I am trying this and it looks like the middleware not executed. It goes as following. Any suggestions? I tried to put a print statement in "process_response" under class "FixLocationHeaderMiddleWare" but no output also. Thanks.

1.) Scrapy log when running the script
......
2018-11-27 22:30:49 [scrapy.middleware] INFO: Enabled spider middlewares:
['scrapy.spidermiddlewares.httperror.HttpErrorMiddleware',
'diffmarts.middlewares.FixLocationHeaderMiddleWare',
'scrapy.spidermiddlewares.offsite.OffsiteMiddleware',
'scrapy.spidermiddlewares.referer.RefererMiddleware',
'scrapy.spidermiddlewares.urllength.UrlLengthMiddleware',
'scrapy.spidermiddlewares.depth.DepthMiddleware']
2018-11-27 22:30:49 [scrapy.middleware] INFO: Enabled item pipelines:
['diffmarts.pipelines.DiffmartsPipeline']
2018-11-27 22:30:49 [scrapy.core.engine] INFO: Spider opened 2018-11-27 22:30:49 [scrapy.extensions.logstats] INFO: Crawled 0 pages (at 0 pages/min), scraped 0 items (at 0 items/min) 2018-11-27 22:30:50 [scrapy.spidermiddlewares.httperror] INFO: Ignoring response <400 https://queue.watsons.com.sg?c=aswatson&e=watsonprdsg&ver=v3-java-3.5.2&cver=62&cid=zh-CN&l=PoC+Layout+SG&t=https%3A%2F%2Fwww.watsons.com.sg%2F>: HTTP status code is not handled or not allowed
2018-11-27 22:30:50 [scrapy.core.engine] INFO: Closing spider (finished)
2018-11-27 22:30:52 [scrapy.core.engine] ERROR: Scraper close failure

2.) My main scrapy.py file
from scrapy.spiders import Spider

class WatsonsSpider(scrapy.Spider):
name = 'watsons'
start_urls = ['http://www.watsons.com.sg/']
print("debug1")
custom_settings = {
'diffmarts.middlewares.FixLocationHeaderMiddleWare':300
}
def parse(self, response):
#print(response.url)
for category_selector in response.xpath("//div[contains(@Class, 'navSubContainer-box clearfix')]//div[contains(@Class, 'navCol')]//dt/a"):
cat_name = ' '.join(category_selector.xpath(".//text()").extract()).strip(' \n\r\t')

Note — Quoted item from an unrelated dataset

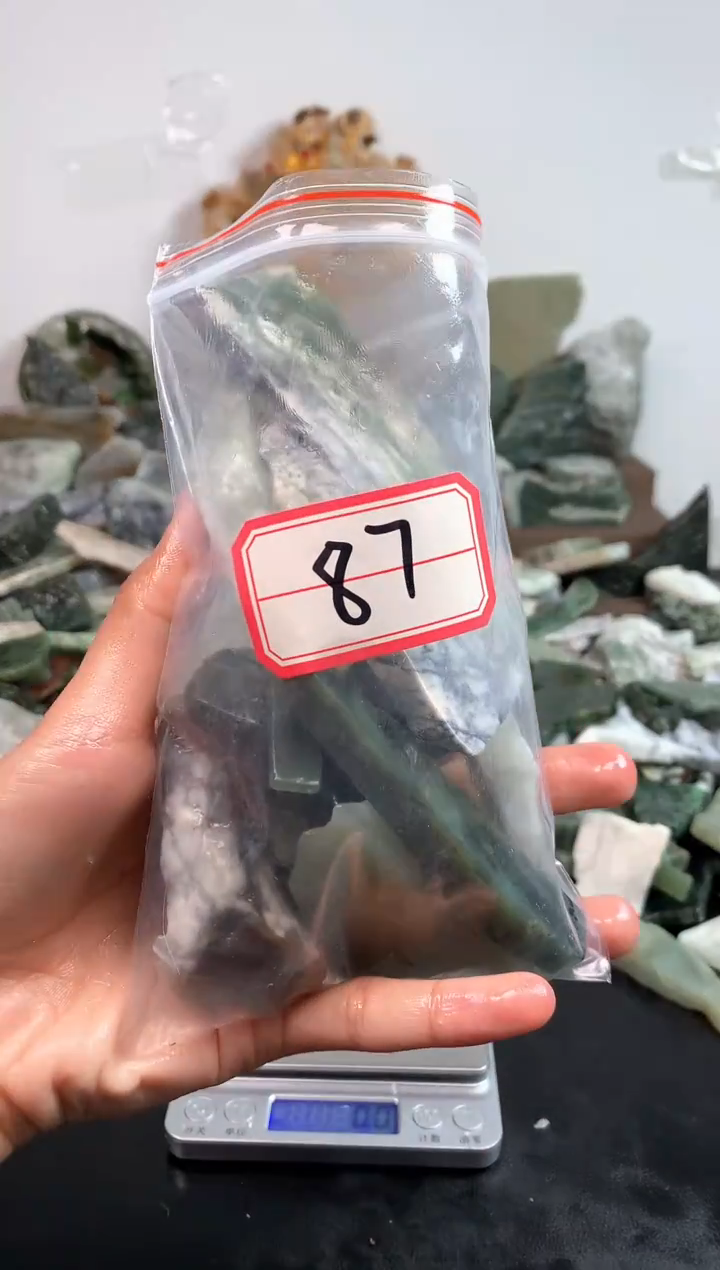 未镶嵌和田玉摆件87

3.) My middlewares.py file:
...
def spider_opened(self, spider):
spider.logger.info('Spider opened: %s' % spider.name)

class FixLocationHeaderMiddleWare:

def process_response(self, request, response, spider):
    if 'location' in response.headers:
        response.headers['location'] = canonicalize_url(response.headers['location'])
    return response

influentcoder · 2018-12-15T09:33:20Z

@pc2000sg If you look closely at my stackoverflow answer, you will see that your settings are wrong, instead of:

custom_settings = {
'diffmarts.middlewares.FixLocationHeaderMiddleWare':300
}

It should be:

custom_settings = {
    'DOWNLOADER_MIDDLEWARES': {
        'diffmarts.middlewares.FixLocationHeaderMiddleWare': 650
    }
}

Also, make sure that the order number is greater than 600, as it needs to be applied after the RedirectMiddleware which has a order number of 600.

pc2000sg · 2018-12-15T15:50:43Z

OK got it. Let me give it a try. Thanks for your advice!

…

On Sat, Dec 15, 2018, 09:34 Guillaume Humbert ***@***.*** wrote: @pc2000sg <https://github.com/pc2000sg> If you look closely at my stackoverflow answer <https://stackoverflow.com/a/53323565/869764>, you will see that your settings are wrong, instead of: custom_settings = {'diffmarts.middlewares.FixLocationHeaderMiddleWare':300 } It should be: custom_settings = { 'DOWNLOADER_MIDDLEWARES': { 'diffmarts.middlewares.FixLocationHeaderMiddleWare': 650 } } Also, make sure that the order number is greater than 600, as it needs to be applied after the RedirectMiddleware which has a order number of 600. — You are receiving this because you were mentioned. Reply to this email directly, view it on GitHub <#3494 (comment)>, or mute the thread <https://github.com/notifications/unsubscribe-auth/Aq7C0WfcreICn452BXHevJVcK3nhOoZ2ks5u5MJAgaJpZM4YhlKY> .

pc2000sg · 2019-01-01T13:35:28Z

@guillaume-humbert
I finally figured out the way to code the middleware changes. However after calling safe_download_url and adding "/" to the url it seems that the 400 error still persisted. Attached the scrapy log as reference below. Wonder if there is other possibility that caused the 400 error? Thanks.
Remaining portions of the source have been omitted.